Ich war natürlich erstaunt, aber nicht sonderlich überrascht. Wenn man sich öffentlich und kritisch positioniert, muss man damit rechnen, dass solche Reaktionen erfolgen. Helmut Prieß, Vorstand des »Darmstädter Signals«, hat solche Hass-Mails auch schon mehrfach bekommen.

Die Mail war mit vollem Namen unterzeichnet.
Ja, das war vielleicht das Erstaunliche. Entweder er war wirklich nicht bei Sinnen oder er hat sich sehr sicher gefühlt, nach dem Motto: Mir kann nichts passieren. Auch zu Weimarer Zeiten haben Stahlhelmer, Freikorpsleute, Frontkämpferbünde und Deutsch-Nationale sehr offen agiert, weil sie von der Justiz nichts zu befürchten hatten. Und diesem Kamerad K. ist nun wirklich ebenfalls nichts weiter passiert.

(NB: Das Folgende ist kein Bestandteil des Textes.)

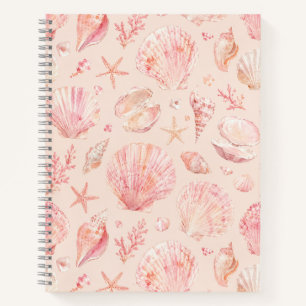 Blush Pink Seashell Watercolor Beach Pattern Notebook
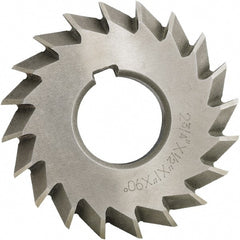 Made in USA - 4° 4" Cut Diam, 3/4" Cut Width, 1-1/4" Arbor, High Speed Steel Double-Angle Cutter - Americas Industrial Supply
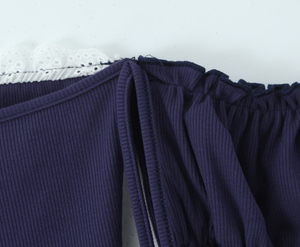 Short Sleeve <strong>Navy</strong> Color Slash Neck Back Hollow Out Casual Fashion Crop Blouse <strong>Top</strong> for <strong>Women</strong> - Product Image 6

Er hat vermutlich nur einen schlichten Verweis bekommen, der nach zwei Jahren wieder aus dem Disziplinarbuch entfernt wird, und steht dann wieder mit weißer Weste da.

Kann man solche Leute von der Bundeswehr fernhalten?
Das wahre Problem der Bundeswehr besteht nicht in solchen Figuren wie Daniel K. auf der untersten Ebene, sondern liegt darin, dass der Fisch vom Kopfe her zu stinken beginnt. Solche Leute wie K. können sich ja durchaus von bestimmten Parolen der obersten Ebene zu solchem Handeln animiert fühlen.

Zum Beispiel?
Seit Ende des Kalten Krieges wird versucht, einen traditionalistischen Kämpferkult in der Bundeswehr zu etablieren. Vom Staatsbürger in Uniform wollen manche Kreise nichts mehr wissen. Der immer noch amtierende Inspekteur des Deutschen Heeres, Generalleutnant Hans-Otto Budde, fordert zum Beispiel lauthals den »archaischen Kämpfer«. Wenn man solche Latrinenparolen verkündet, die sich kaskadenartig durch alle Hierarchieebenen bis nach unten ergießen, braucht man sich nicht wundern, wenn dann auf unteren Ebenen, nicht nur in Calw, sondern auch in Coesfeld und anderswo, diese Kloaken entstehen.